Retrieval usually runs under a service-role database client, because the read job is server-side and has to bypass row-level security to do its work. That convenience removes your safety net. With row-level security out of the path, the explicit user-id filter in the query is the only thing keeping user A's memories out of user B's context. One code path that forgets the filter is a cross-tenant leak, and no test of the happy path will surface it, because the happy path returns the right user's data either way.

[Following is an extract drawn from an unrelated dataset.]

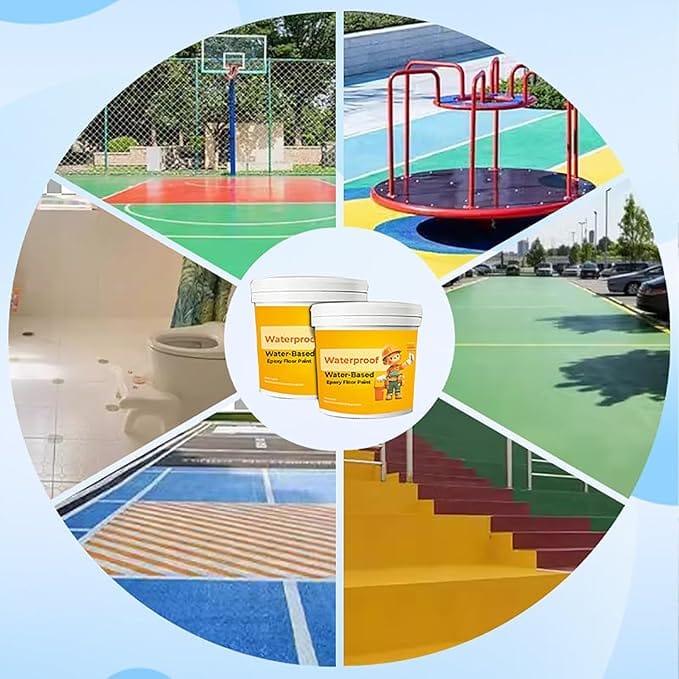 InstaCoatzy (Pack of 2) | Floor Paint Epoxy Coating Floor Color Waterproof Floor Coating - InstaCoatzy Waterproof Floor Paint 300 ml + 300 ml (Pack of 2)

Treat the filter as a security control, not a query parameter. Keep row-level security on wherever you can so there is a backstop, filter by user-id explicitly in every path that uses the service-role client, and review those paths the way you would review auth code. Scoping is the same anxiety in the user's hands. A widely upvoted thread documented people finding that ChatGPT could surface memories from chats they had set to "project-only". When a user draws a boundary (this bucket, this project, this scope), the read path has to honour it too, or the control is decorative.

#References

MemoryPlugin engineering notes (described here as one production system, no internal paths): the export-total versus counted-text token split that makes "we do not embed your thinking traces or tool output" auditable; safety-trained models refusing memory protocols whose delivery format read as prompt injection, and the fixes (annotation-shaped syntax, first-person voice, routing writes through an MCP tool); low-quality memories suppressing recall; and the service-role read path where an explicit user-id filter is the only tenant boundary.
OWASP Top 10 for LLM Applications, LLM01: Prompt Injection, genai.owasp.org/llmrisk/llm01-prompt-injection (why injected content that the model can mistake for instructions is a first-class risk class).
Anthropic, guidance on mitigating jailbreaks and prompt injection, docs.anthropic.com (the documented behaviour of treating user-turn tags that claim to be system or vendor as suspicious).
Alara (u/dhamaniasad), comment on the end-to-end-encryption tradeoff for consumer memory, r/ClaudeAI, reddit.com/r/ClaudeAI/comments/1ubsely.
r/ChatGPT, "Despite what OpenAI says, ChatGPT can access memories outside projects set to 'project-only'" (community evidence that scope boundaries must be enforced on the read path, reported as user experience).